Zu gut, um nicht darauf zu verweisen. Björn Eichstaedt von Storymaker erklärt den integralen Ansatz von Online-Kommunikation am Beispiel von Mutter Erde: Mir gefielt diese bildhafte Beschreibung, weil sie hilft, Berührungsängste abzubauen - oder noch eher, weil sie ein passender Beitrag dazu ist, die digitale Kluft zu verringern.


03.02.2010

Vor allem informelles Kommunizieren und Handeln ist weiter im Vormarsch. Darauf machte in seinem Eröffnungsbeitrag auf der Learntec 2010 Pieter de Vries von der Universität Delft aufmerksam.  Mehrheitlich seine jüngeren Zeitgenossen betitelte er mit dem Ausdruck 'homo zappiens', wissbegierig jedoch oft orientierungslos. 80 Prozent unserer Zeit sei der heutige Wissensarbeiter am Lernen, ohne dies selbst so zu nennen. Denn auch und gerade Kommunikation am Arbeitsplatz, Recherche im Internet, elektronisch unterstützte Zusammenarbeit vergrößere das Wissen des einzelnen im Umgang mit der sich immer stärker vernetzenden Welt. Formelles KLassenraumlernen werde dadurch in den Hintergrund gedrängt. Statt Beidenungsanleitungen zu lesen, werde immer öfter das sich in den social media formende persönliche Netz befragt. Das hat erhebliche Auswirkungen auf Erfolgsstrategien in der Kundenkommunikation. Bereits morgen gilt es, zu erkennen, in welchen Netzen sich der eigene Kunde gerade bewegt.


08.12.2009

Robust. Langsam infiltriert dieses Wort unser Kommunikationsrepertoir. Vormals bezog es sich auf Dinge und attestierte ihnen, auch unter ungünstigen Bedingungen zuverlässig zu funktionieren. Jetzt wird es auf Handlungen bezogen und besagt, sich bei deren Umsetzung von nichts und niemandem beirren zu lassen - im Zweifelsfall mit Gewalt. Über Ethik und Moral wird dazu an höherer Stelle entschieden. Fraktion A meint: Genau deshalb sollte man dieses Wort wieder streichen - unverzüglich.
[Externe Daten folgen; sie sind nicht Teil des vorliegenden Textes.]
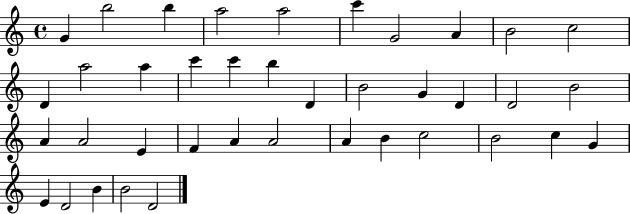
G4/q B5/h B5/q A5/h A5/h C6/q G4/h A4/q B4/h C5/h D4/q A5/h A5/q C6/q C6/q B5/q D4/q B4/h G4/q D4/q D4/h B4/h A4/q A4/h E4/q F4/q A4/q A4/h A4/q B4/q C5/h B4/h C5/q G4/q E4/q D4/h B4/q B4/h D4/h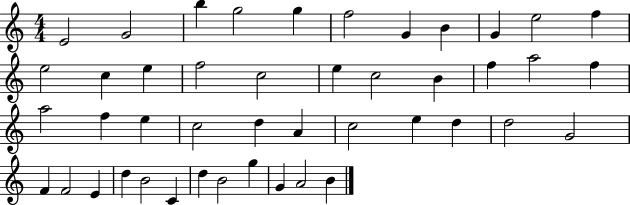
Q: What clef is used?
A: treble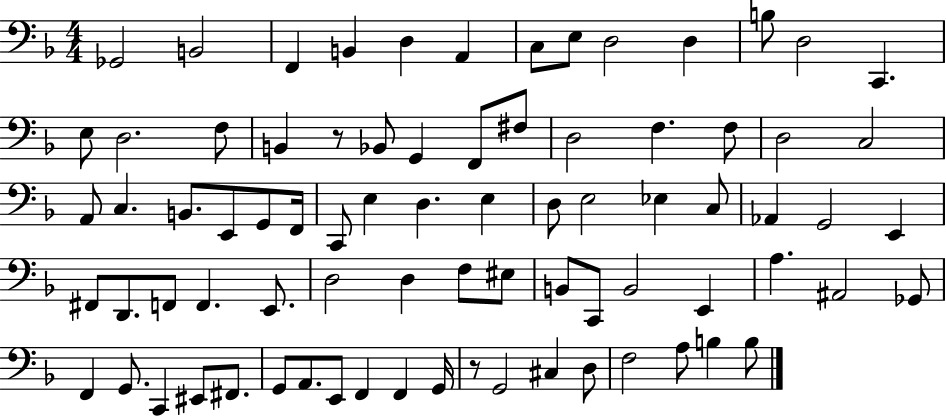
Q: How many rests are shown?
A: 2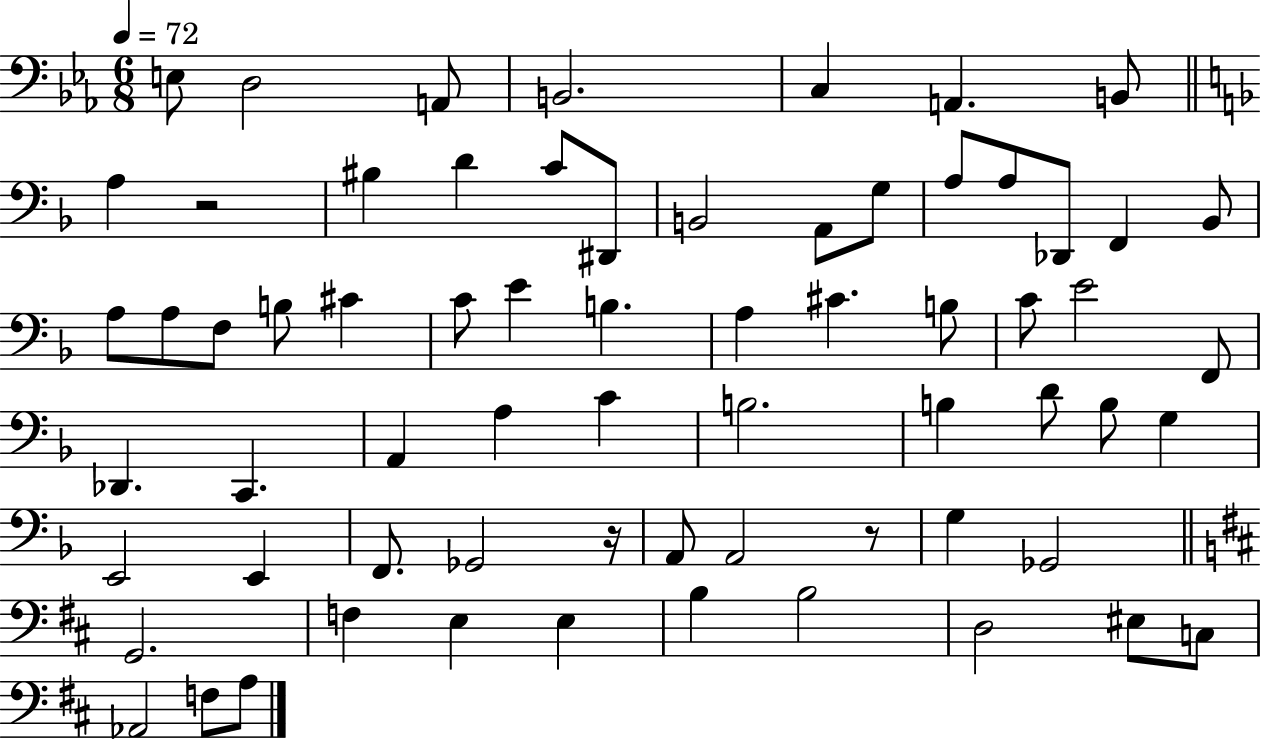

Fraktion B diskutiert über die Umstände - man muss sie ins Kalkül ziehen.


09.11.2009

Packend. Vom Redeauftritt einer Person lässt sich unmittelbar auf dessen Bereitschaft zu kommunizieren schliessen. Friedensnobelpreisträger Muhammed Yunus machte jetzt in Wiesbaden sein Interesse am anderen eindrucksvoll klar durch eine packend beispielhafte Schilderung. Die Begegnung mit einer bitterarmen Bambusstuhlherstellerin führte ihn zu seinem Ansatz der Mikrokreditvergabe. Sein hautnahes Erleben der Grundbedürfnisse in Ernährung und Gesundheit stand Pate für die von ihm begründete Social Business Bewegung.


30.10.2009

Priorisieren. Wer das boomende Thema 'Wirtschaft und Ethik' verfolgt, bekommt pro Woche gleich mehrere Einladungen - mal von Buchautoren, die Allgemeinplätze vermitteln, mal von World Cafés für neue Einsichten im Kreis Gleichgesinnter und dann - erfreulich - auch von wirklich Berufenen, die dicke Bretter bohren: www.kloster-academie.de und www.schweisfurth.de sind hier zu nennen.